> [What needs to be done]:
Copy exactly, beginning with the line holding "Glow In The" and ending with the final line of the data beneath this task; copy nothing else, and leave out every picture.

> [Available data]:
▼
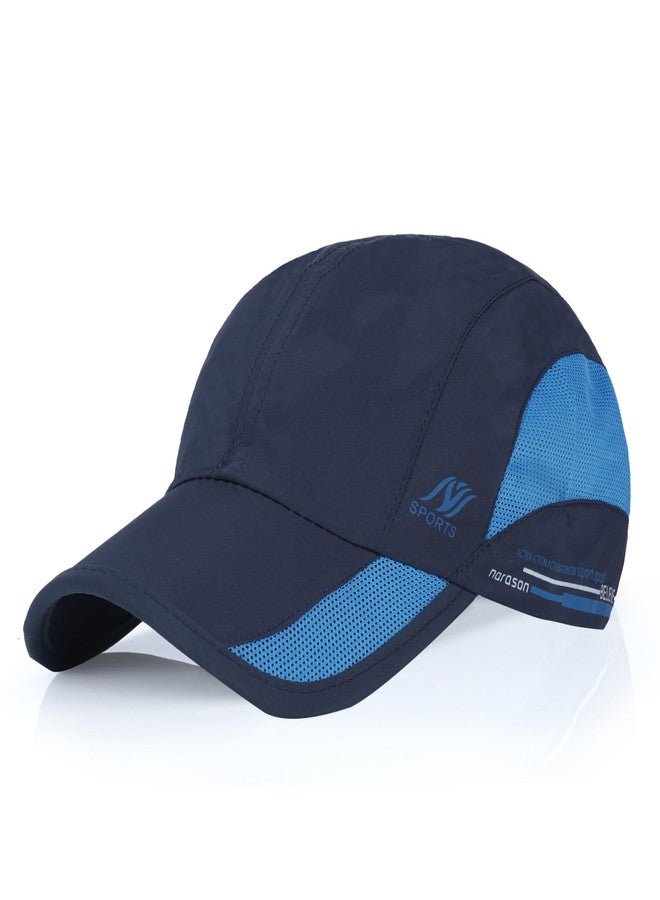 Aavjo Polyester Quick Dry Baseball Cap Hat Topi For Men Women L Beach Cricket Sports Running Cap (Blue), Large - Image 1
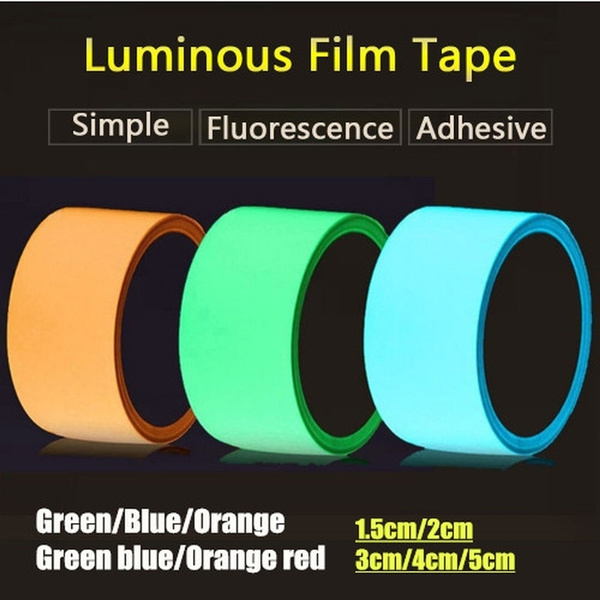 Glow In The Dark Luminous Fluorescent Night Self-adhesive Safety Sticker  Tape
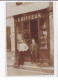 CREON : Carte Photo D'un Salon De Coiffure (coiffeur) - Très Bon état - Other & Unclassified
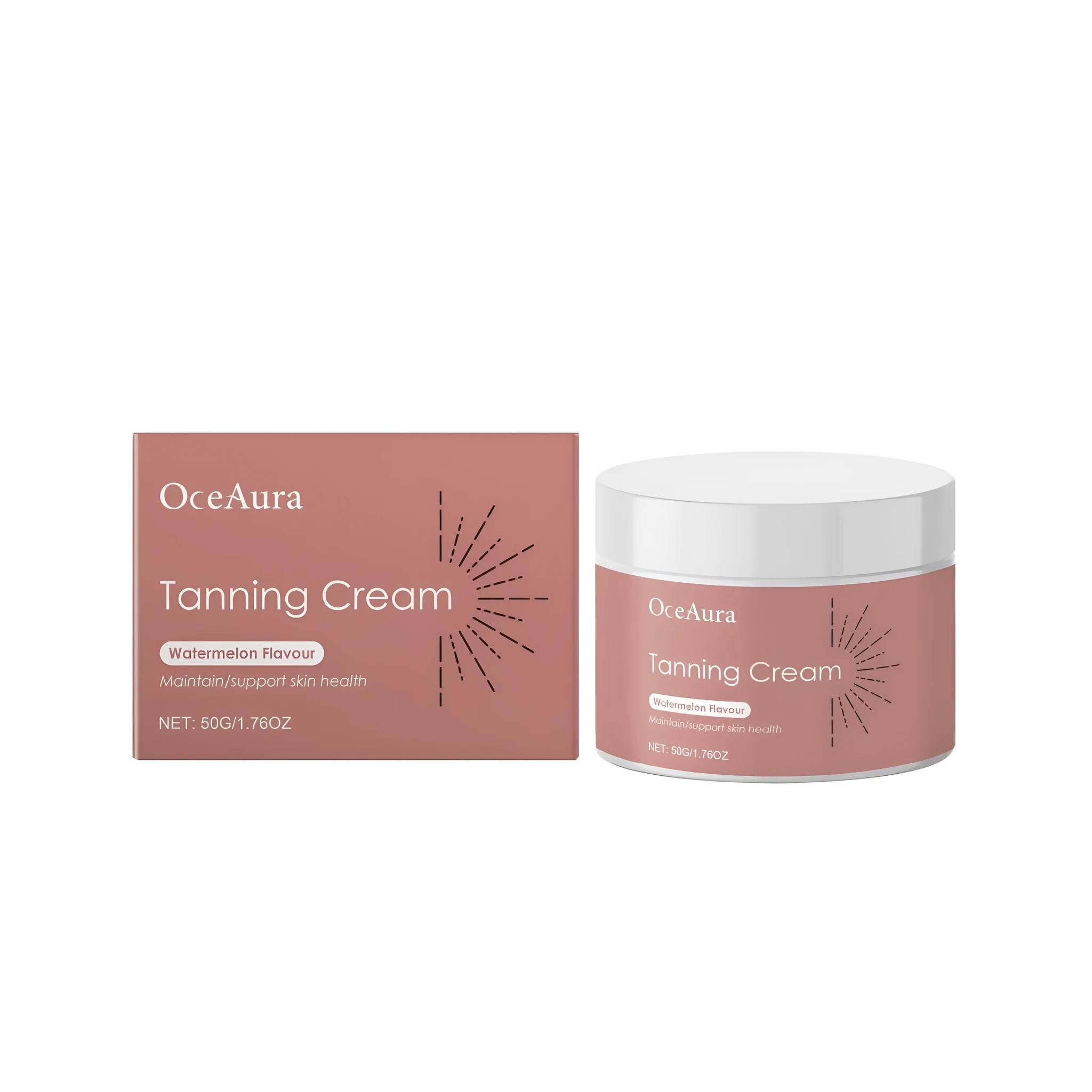 50g tub of tanning cream with walnut shell extract and coconut oil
▲
> [Solved problem]:
 Glow In The Dark Luminous Fluorescent Night Self-adhesive Safety Sticker  Tape
 CREON : Carte Photo D'un Salon De Coiffure (coiffeur) - Très Bon état - Other & Unclassified
 50g tub of tanning cream with walnut shell extract and coconut oil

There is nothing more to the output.